PS5 is a 5700xt at it's base.
Yes the CUs are RDNA2. The 256bit bus is apart of that old 5700xt. Like ogxb1 it looses in every point in every way.
You can have the fastest ssd and the GPU still has a 256bits wide bus.

Mark Carey is the same man that told you that PS4 pro was 8.2Tf Very misleading. And that tech talk was a bad Info commercial. Don't do it, you can't lose in every almost Category
and say it's better or close or even ,
It's not.......... the next thing you guys will be saying is that there are two
GPUS.....

Xbox has 17% advantage over PS5. Just like PS4 had 40% over it last gen.
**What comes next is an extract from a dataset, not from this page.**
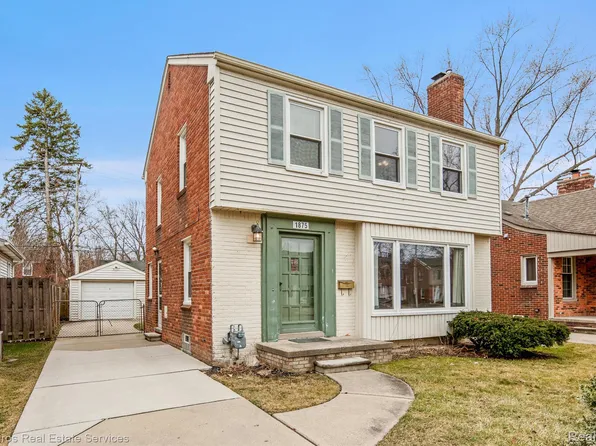 1875 Norwood Dr, Grosse Pointe Woods, MI 48236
Note that this on paper and real world case is going to far less just like last gen. Some guys have already mentioned it. I think BW is the key factor. Those 10gig of 560gb/sec in Xbox is their biggest advantage I think.
 

Goliathy

Banned
Xbox has 17% advantage over PS5. Just like PS4 had 40% over it last gen. Note that this on paper and real world case is going to far less just like last gen. Some guys have already mentioned it. I think BW is the key factor. Those 10gig of 560gb/sec in Xbox is their biggest advantage I think.

to be fair, PS5 clocks are variable, we don't know yet how far it can down and how often it will, but we know that it is NOT locked, since its variable, so the difference will be greater than 17%.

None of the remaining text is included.